Government, Opposition Debate Land Concessions, Evictions

Agriculture Minister Chan Sarun on Wednesday dismissed claims from 200 Koh Kong families suing U.K. sugar firm Tate & Lyle over land they say they were illegally evicted from, insisting that only 13 of them were still in dispute with the local plantations.

The 200 families filed a lawsuit against Tate & Lyle with the U.K.’s High Court of Justice for millions in compensation last month, alleging that the firm wrongfully profited from sugarcane grown on land they have been progressively pushed off of since 2006, allegations the firm has denied.

Mr. Sarun, in the midst of a debate at the National Assembly on a draft Agriculture Community Law, claimed that only 13 of them were actually in dispute with the plantations supplying Tate & Lyle.

“In Koh Kong, there are only 13 families left,” he said. “The authorities went to ask the people who claim they own the land if they had documents. They don’t have them.”
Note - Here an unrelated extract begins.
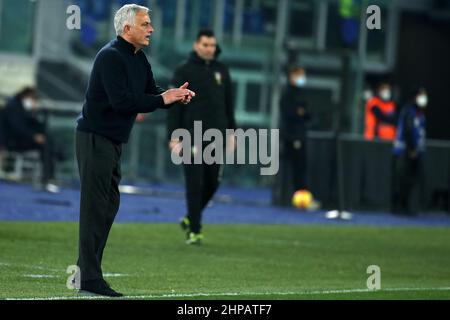 Rom, Italien. 19th. Februar 2022. Jose Mourinho (Roma) reagiert während des Serie-A-Spiels zwischen AS Roma und dem FC Hellas Verona am 19 2022. Februar im Stadio Olimpico in Rom, Italien. (Foto von Lev Radin/Pacific Press) Quelle: Pacific Press Media Production Corp./Alamy Live News Stockfoto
Even so, he said the government would supply the 13 families with a social land concession but offered no details.

Mr. Sarun raised the case as an example to counter claims from SRP lawmaker Mu Sochua that the government has been depriving farmers across the country by approving more and more of such economic land concession (ELCs) to agribusiness firms.

“Where is the land for our farmers?” she said. “There are so many communities that have lost land, in Koh Kong, in Kompong Speu.”
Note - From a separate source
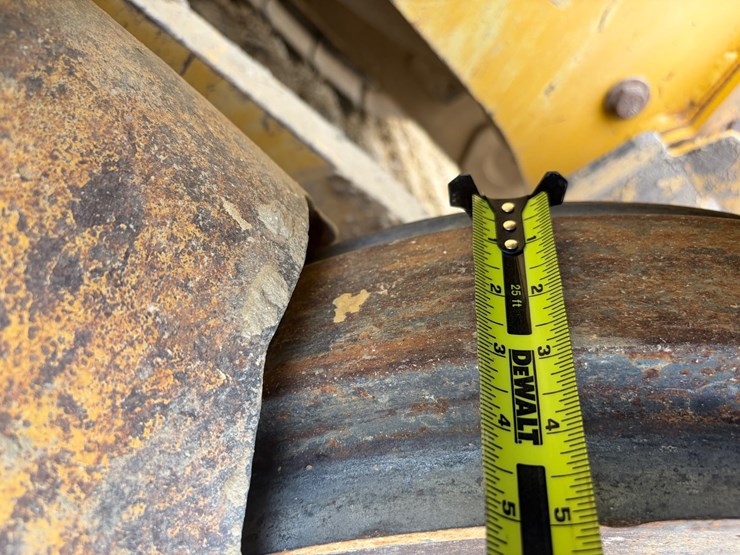 deere-750c-lt-image-22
She claimed that some 2 million hectares were now covered by ELCs, about 10 percent of the country’s entire land area.

Mr. Sarun claimed that the figure was out of date, with the government having canceled 63 ELCs covering a total 530,000 hectares.
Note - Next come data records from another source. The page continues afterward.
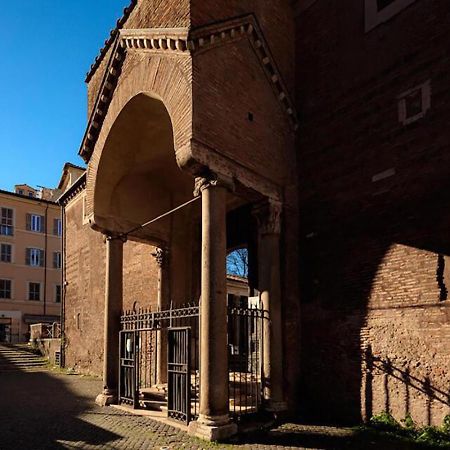 150 M Dal Colosseo - Appartamento Minerva Rome Bagian luar foto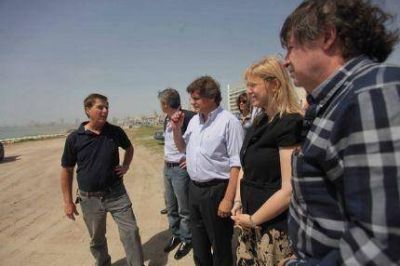 Finaliz� una nueva etapa de la obra de desag�es pluviales en La Perla
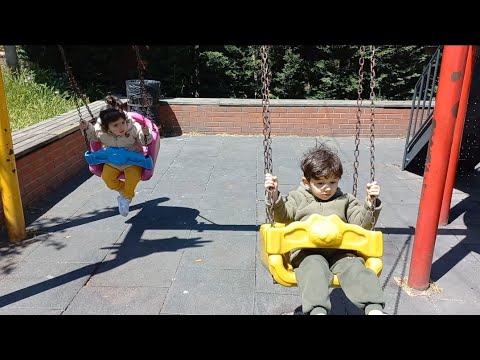 AREN ve NUR Parkta Salıncakta Sallanıyor/EĞLENCELİ PARK VİDEOLARI#eğlenceliçocukvideosu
He said only 1.18 million hectares were now granted as ELCs, though the hectares he claimed had been canceled still did not make up the difference between his total and Ms. Sochua’s.

Local NGOs that work on land issues have long accused the government of vastly underreporting the actual number and size of the country’s ELCs.

In February, rights group Adhoc reported that more than 2.6 million hectares were now granted or reserved for private firms for ELCs.

At the annual meeting of the Agriculture Ministry last month, Prime Minister Hun Sen said ELCs covered 1.5 million hectares.